I purchased a used pre-2015 Gaggia classic. I'm hoping you guys could give me advice on how to get it in good shape. I've already read through similar posts on here but I'd like to double check regarding scaling and corrosion inside the case, particularly around the thermal fuse and under the pump. I've attached photos.

It's 7 years old, only used for 3 years but probably poorly maintained.

The pump, boiler, and steam wand all seem to work. The coffee is coming out fast, with about 170ml in 25 seconds. I have yet to replace the group gasket and adjust the OPV. My current grinder is not suitable for espresso grinds, I have the Wilfa Svart, quite similar to the Baratza Encore.

So far I've primed the machine, cleaned the group head, and tried pulling two shots. I'm planning to:



Remove all the internals, clean up and properly descale the boiler


Replace all the gaskets, o-rings, and rusty screws


Run the routine descale and backflush cycle


Replace the shower screen


Am I missing anything? Based on the photos and description, does anything else need replacing? Is the pump leaking water? Can I keep using the same dispersion plate?



http://imgur.com/l4nMqbg


Thanks a lot for the help! Very excited to join the community!


----------



## phario (May 7, 2017)

That machine looks to be in decent shape, to be honest. People around here have seen much worse.
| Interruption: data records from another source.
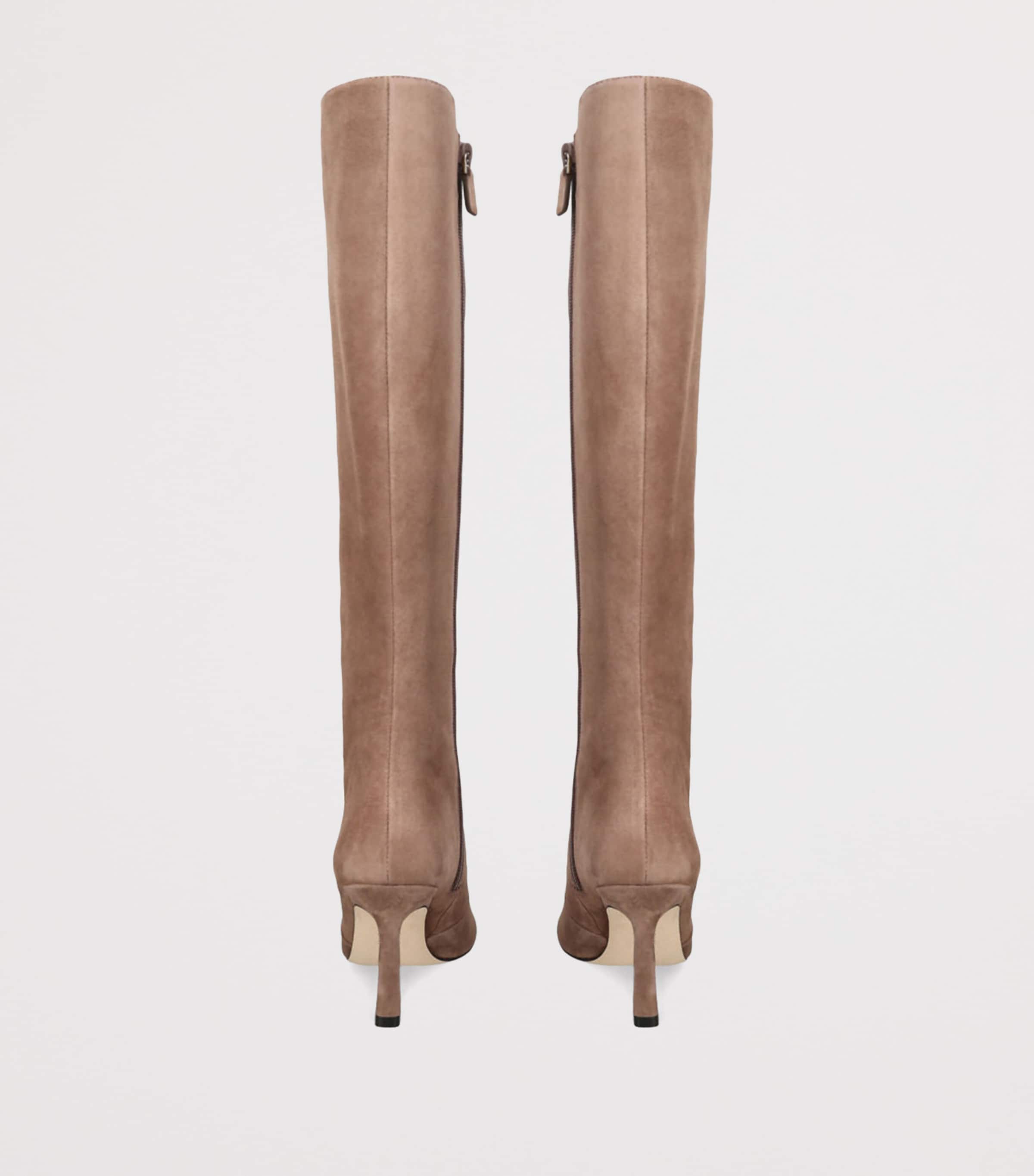 Suede Vinnie Boots 85 TAUPE Image 2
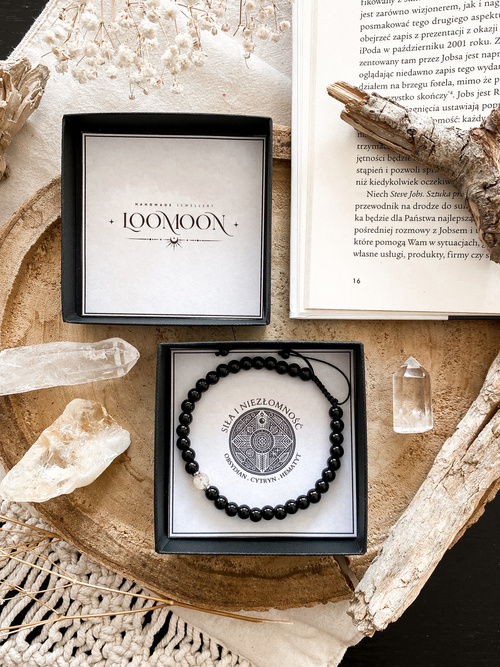 Bransoletka męska z naturalnych kamieni "SIŁA I NIE ZŁOMNOŚĆ"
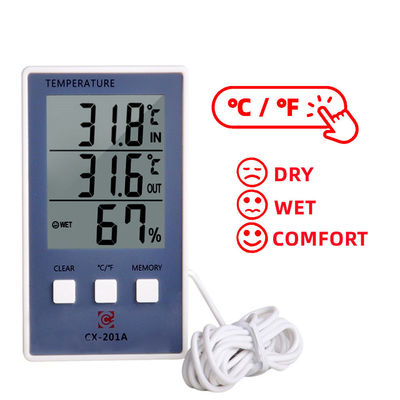 estação meteorológica da ponta de prova do sensor da exposição do medidor C/F LCD da umidade da temperatura da precisão 1.8F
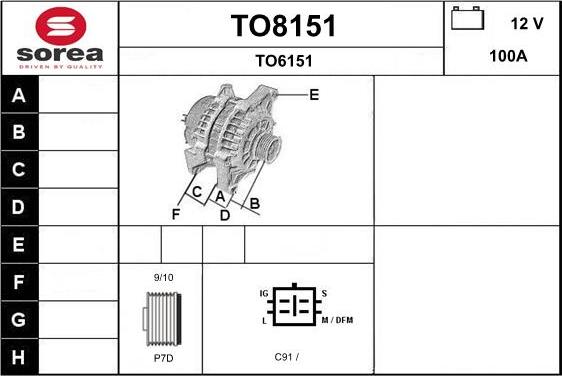 SNRA TO8151 - Alternator www.molydon.hr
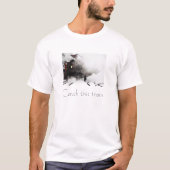 この列車に間に合って下さい Tシャツ (正面)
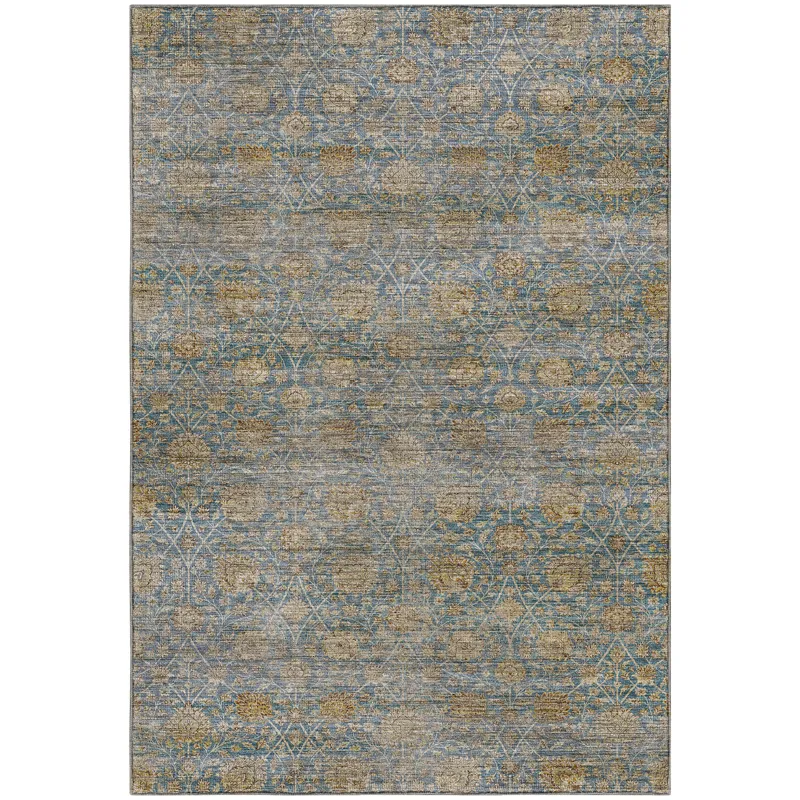 Machine Washable Aristo Blue 3\' x 5\' Rug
The process you described is perfectly fine.

The dispersion plate looks fine.

Basically you'll see once you open it up and start disassembling. It's not rocket science (which is why it's so fun!). Replace your screws with stainless steel and just clean off the corrosion that you see on the steel.


----------



## MrSmartepants (Aug 3, 2020)

Have a look at the pictures from my posts in this thread:

https://www.coffeeforums.co.uk/topic/1321-how-to-descale-a-gaggia-classic/?do=embed&comment=771956&embedComment=771956&embedDo=findComment

Just be prepared for the likely scenario of replacing all of the O-ring seals (4-5 quid for the set), some of the bolts (about 60p each), and the shower screen/block/group gasket (about 40 quid). Get your parts in-hand before you start taking things apart. Replacing the shower block is debatable. You can get by with cleaning up your old one and reusing, but newer ones are made from either brass or stainless steel and have better dispersion holes.

You'll need a 5mm long-handle hex "T" wrench (or ratchet adapter) to break loose the four boiler bolts before removing the boiler from the chassis. But the rest is pretty straightforward. If you separate the OPV valve components, you'll need to re-adjust the pressure using a portafilter pressure gauge.

https://www.coffeeforums.co.uk/topic/3412-adjusting-the-opv-over-pressure-valve-gaggia-classic/?do=embed&comment=774848&embedComment=774848&embedDo=findComment


----------



## crisprcas (Sep 11, 2020)

Good to hear it's in decent shape. Got it for cheap so had low expectations. Thank you both for the very useful info!


----------